WORK REQUEST: Exactly as written, print the lines from the top of the listing through the line containing "I went into"; include no pictures.

GIVEN RECORDS:
+ + + + + + +

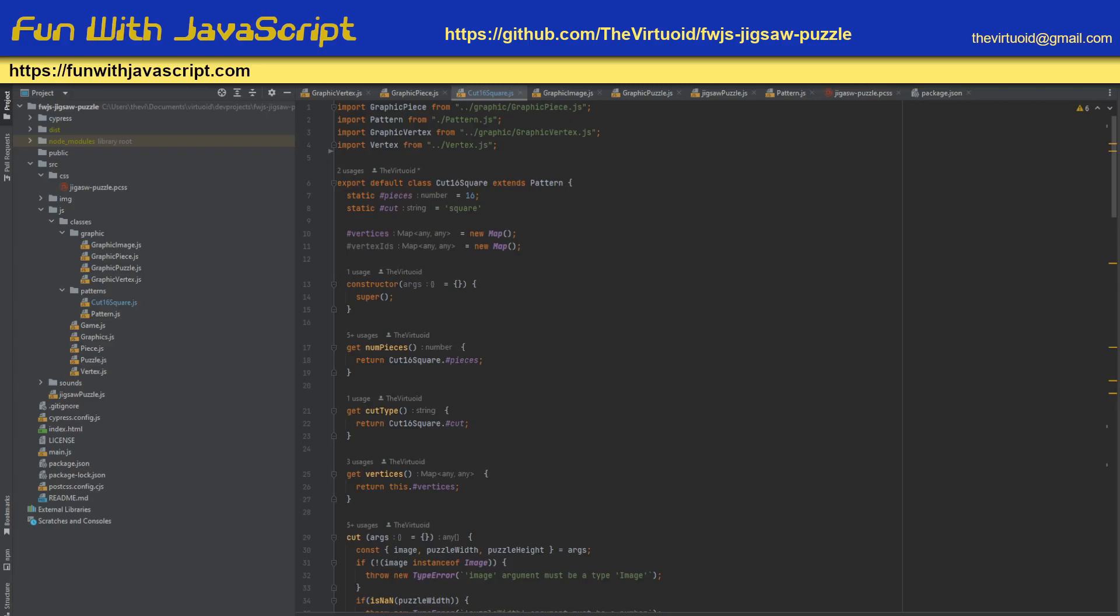Hello all my JavaScript friends! This is the Virtualoid, aka Mike Smith, and this is Fun with JavaScript, our jigsaw puzzle game. So we basically have completed what I call part one or phase one of the jigsaw puzzle where we proved that we could actually build a jigsaw puzzle.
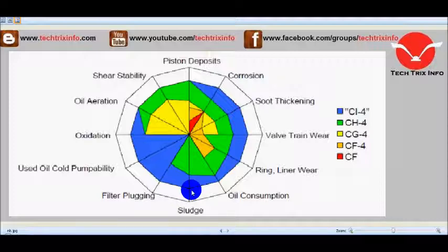New oils are under development with various technologies like synthetic technologies, and more additives have been found to improve the quality of oil so that the efficiency of the engine can be further improved and increased.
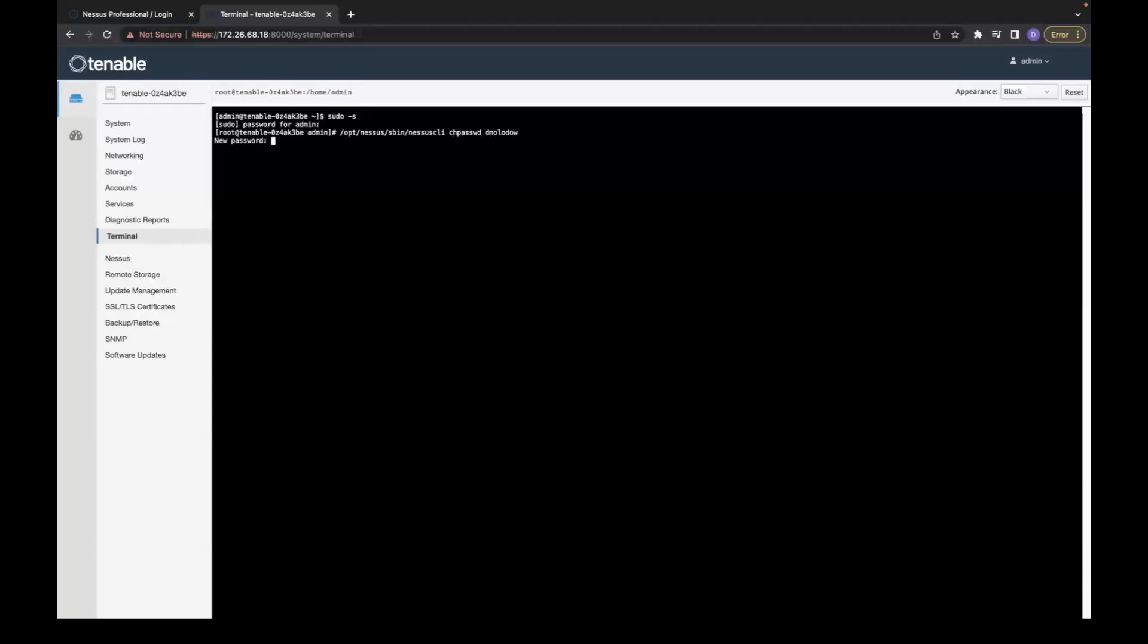When it is executed, you are going to be requested with a new password and its confirmation. Just type the new one and repeat it.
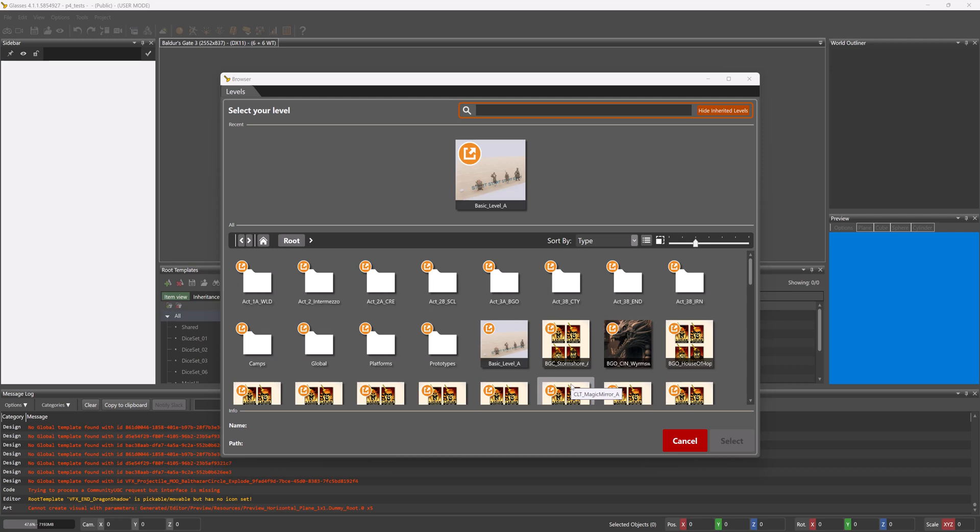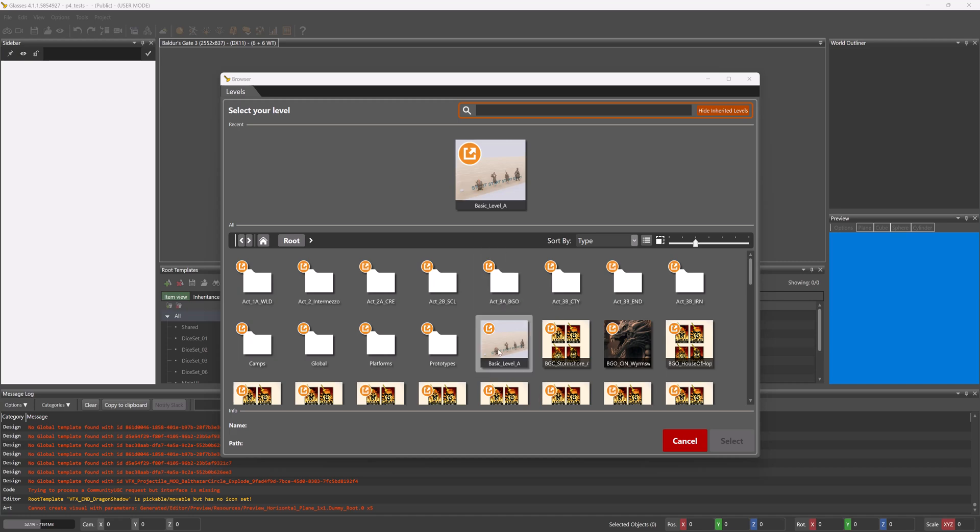I went into briefly choosing a level to test on in my Creator Project Level Browser and Export Your Mod video guide. In this one I'm going to go in a little bit more detail. In that one I did say if you're testing spells, items, clothing and such, I personally use Basic Level A.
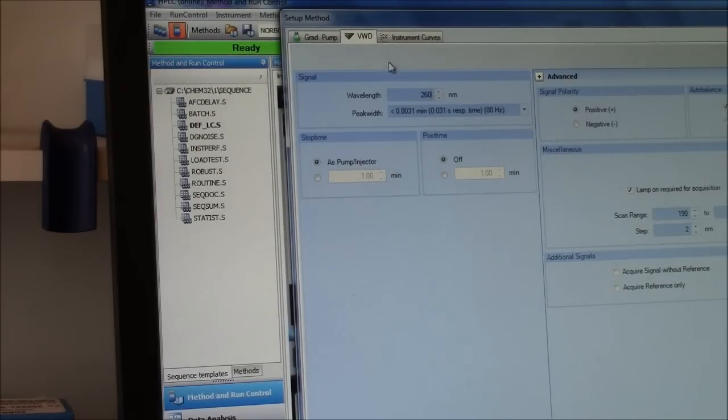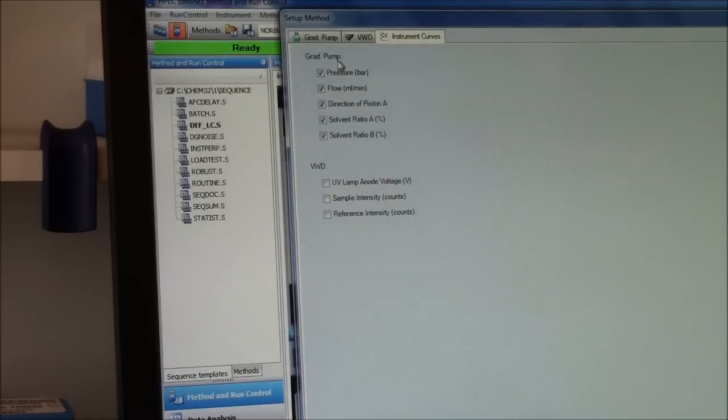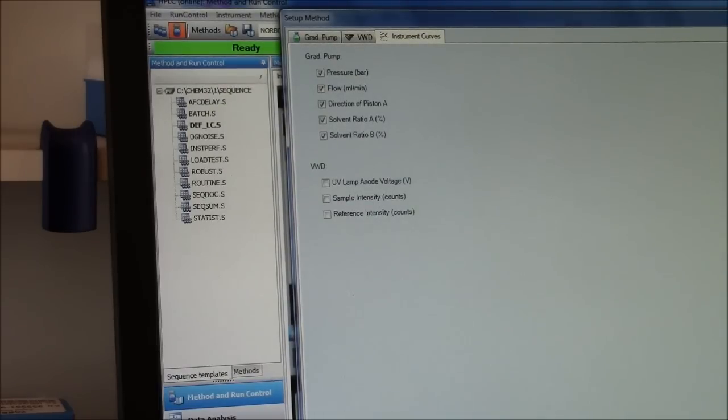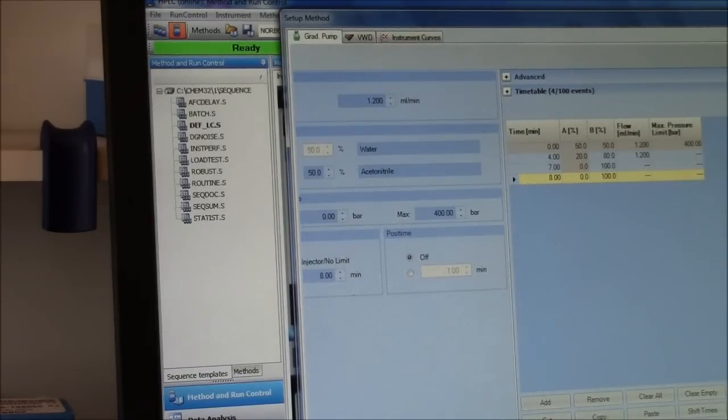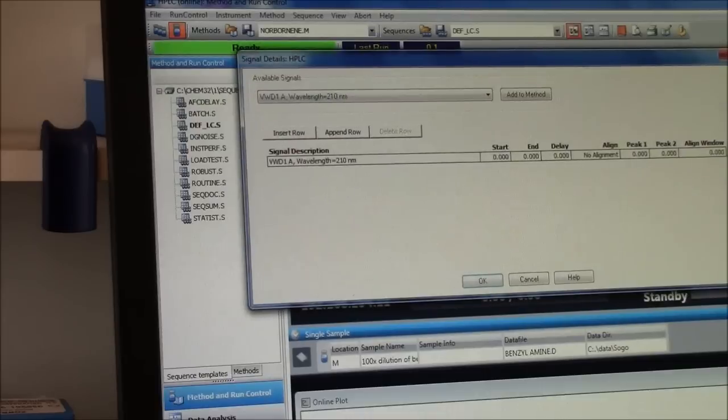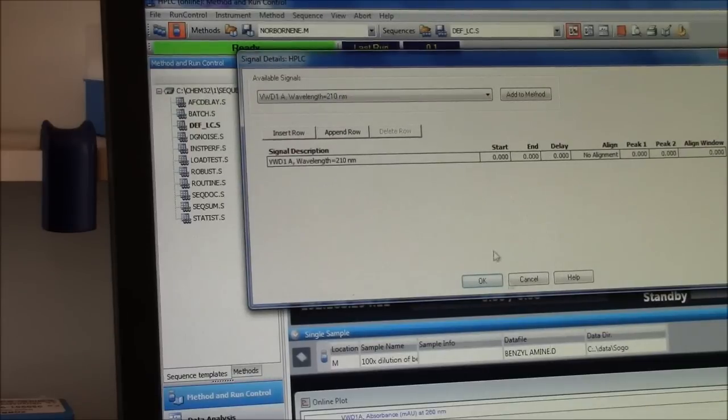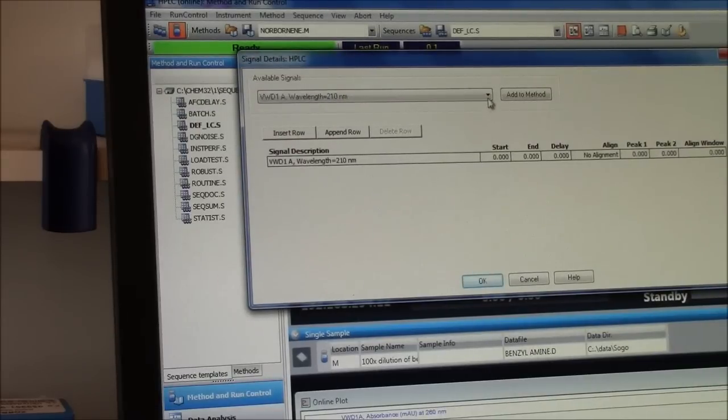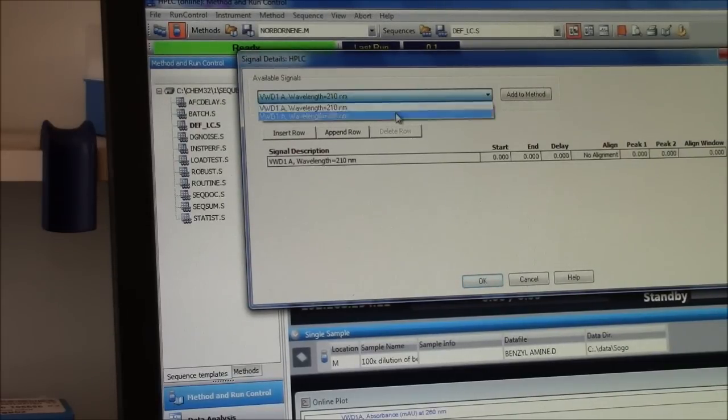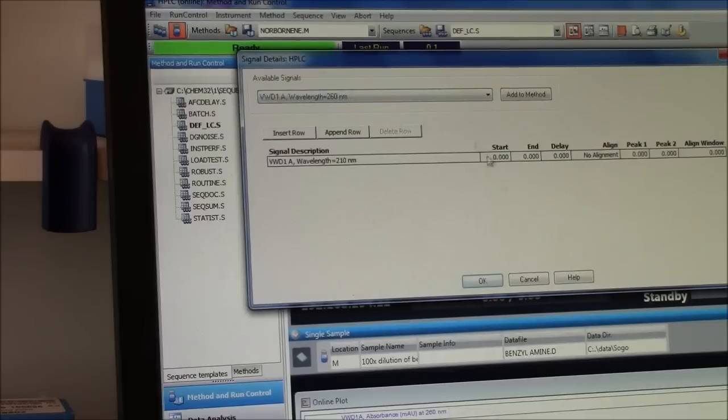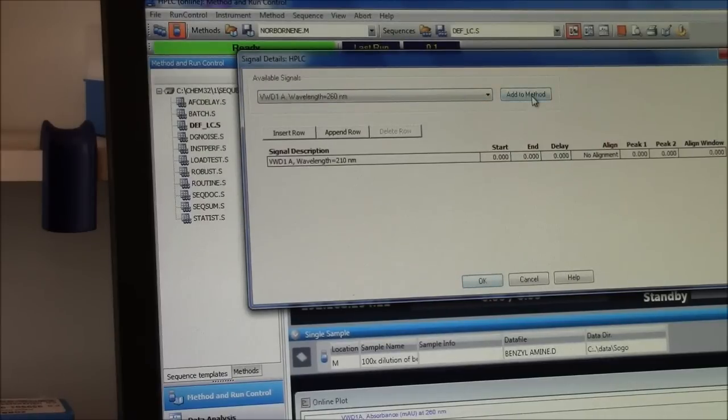That looks good. So I have everything set up the way I want. Now, it says what wavelength you want to use. I want to use my 260 nanometer wavelength. Add that to the method.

+ + + + + + +

OUTPUT BELOW:
Hello all my JavaScript friends! This is the Virtualoid, aka Mike Smith, and this is Fun with JavaScript, our jigsaw puzzle game. So we basically have completed what I call part one or phase one of the jigsaw puzzle where we proved that we could actually build a jigsaw puzzle.
New oils are under development with various technologies like synthetic technologies, and more additives have been found to improve the quality of oil so that the efficiency of the engine can be further improved and increased.
When it is executed, you are going to be requested with a new password and its confirmation. Just type the new one and repeat it.
I went into briefly choosing a level to test on in my Creator Project Level Browser and Export Your Mod video guide. In this one I'm going to go in a little bit more detail. In that one I did say if you're testing spells, items, clothing and such, I personally use Basic Level A.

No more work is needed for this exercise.